The material below is to be copied exactly from the line with "Rustic Tan Geometric" up to and including the line with "Castroville-Texas-USA-Large American flag", with nothing else kept and no pictures.

┌─ Records

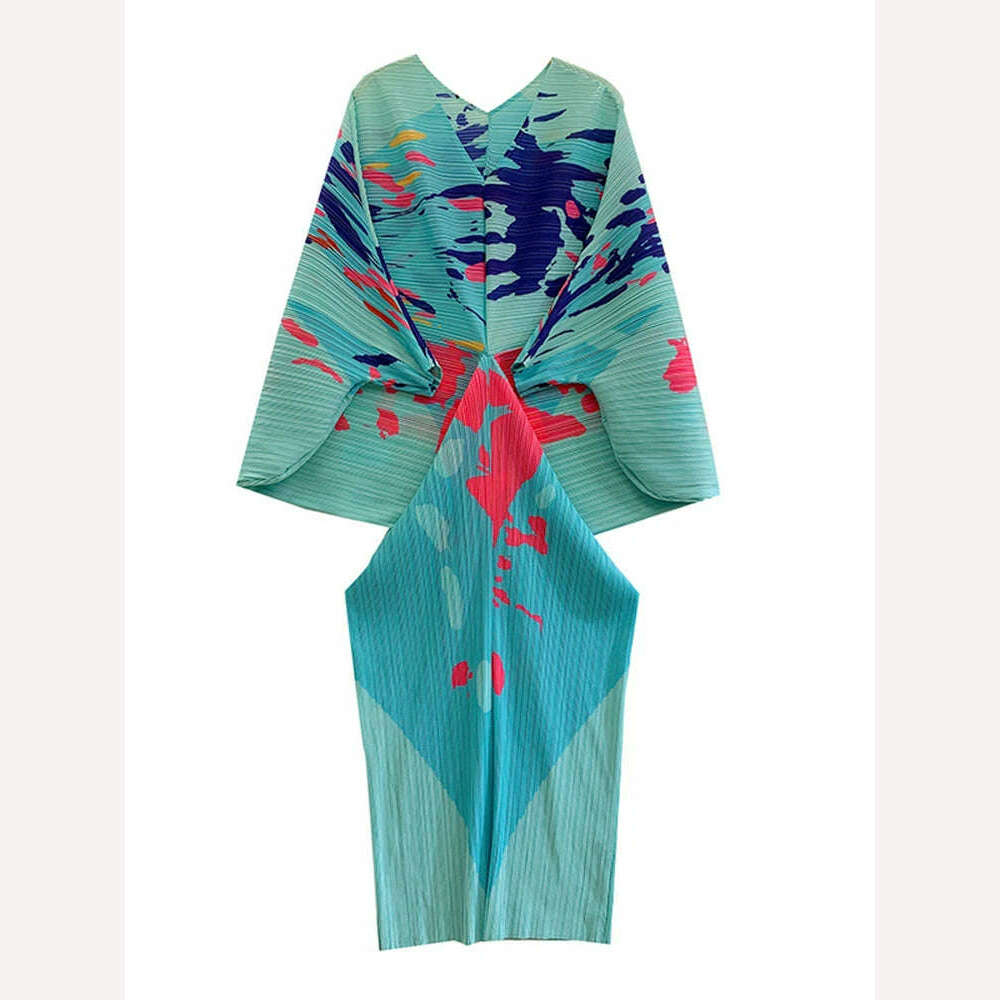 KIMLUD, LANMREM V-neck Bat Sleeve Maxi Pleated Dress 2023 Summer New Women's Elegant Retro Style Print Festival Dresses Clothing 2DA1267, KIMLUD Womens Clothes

└─
┌─ Records

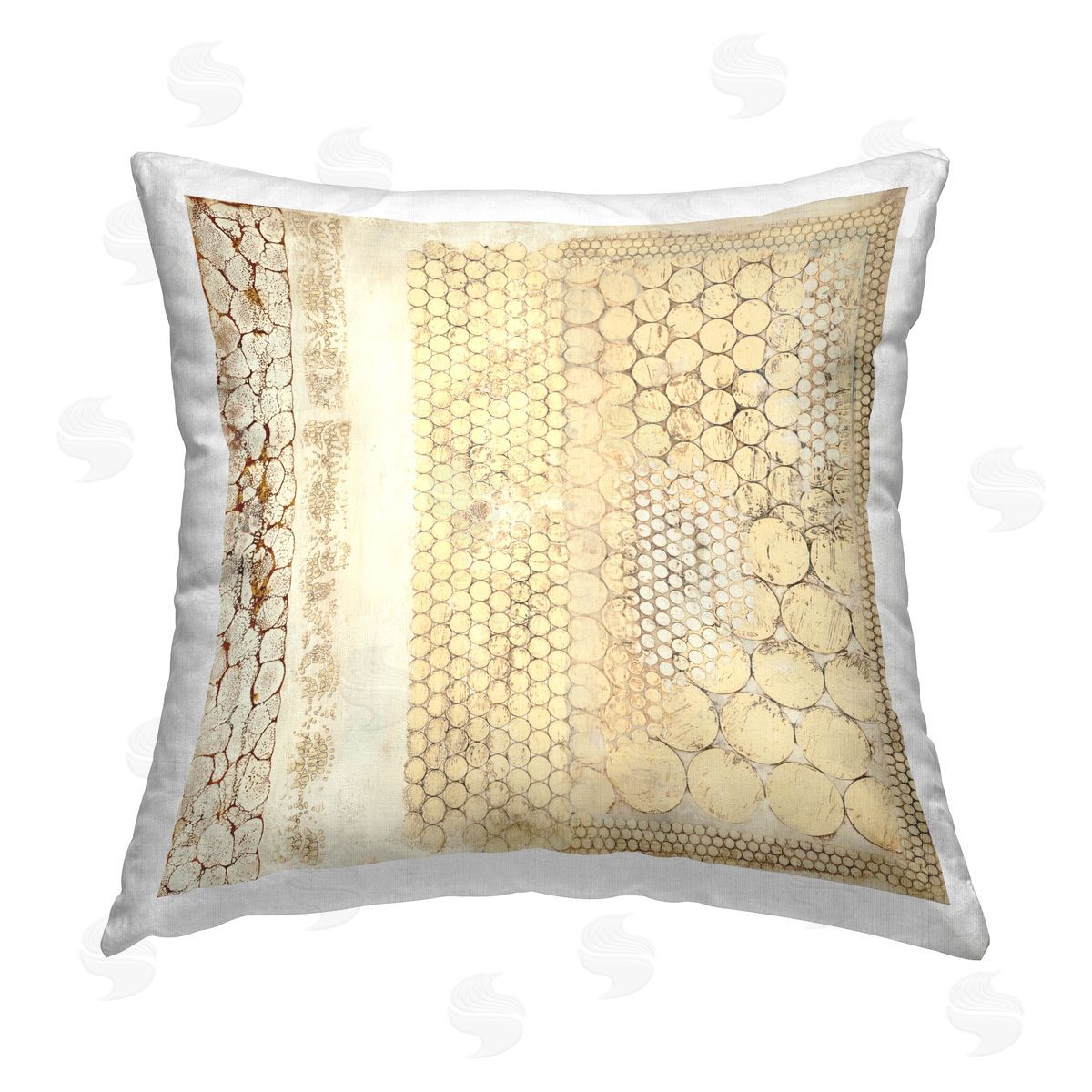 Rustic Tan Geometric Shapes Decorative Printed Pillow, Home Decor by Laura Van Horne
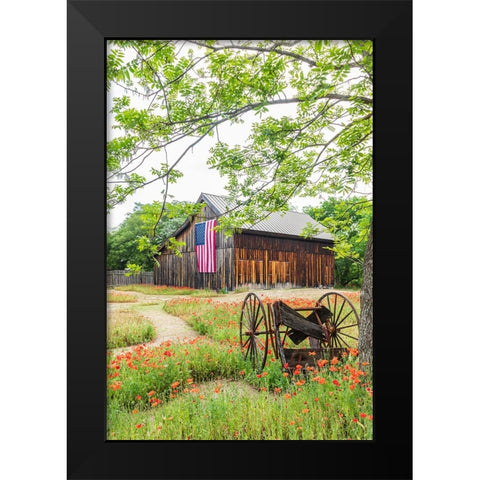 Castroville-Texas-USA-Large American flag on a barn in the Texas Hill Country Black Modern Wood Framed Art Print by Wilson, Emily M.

└─

■ Task answer ■
 Rustic Tan Geometric Shapes Decorative Printed Pillow, Home Decor by Laura Van Horne
 Castroville-Texas-USA-Large American flag on a barn in the Texas Hill Country Black Modern Wood Framed Art Print by Wilson, Emily M.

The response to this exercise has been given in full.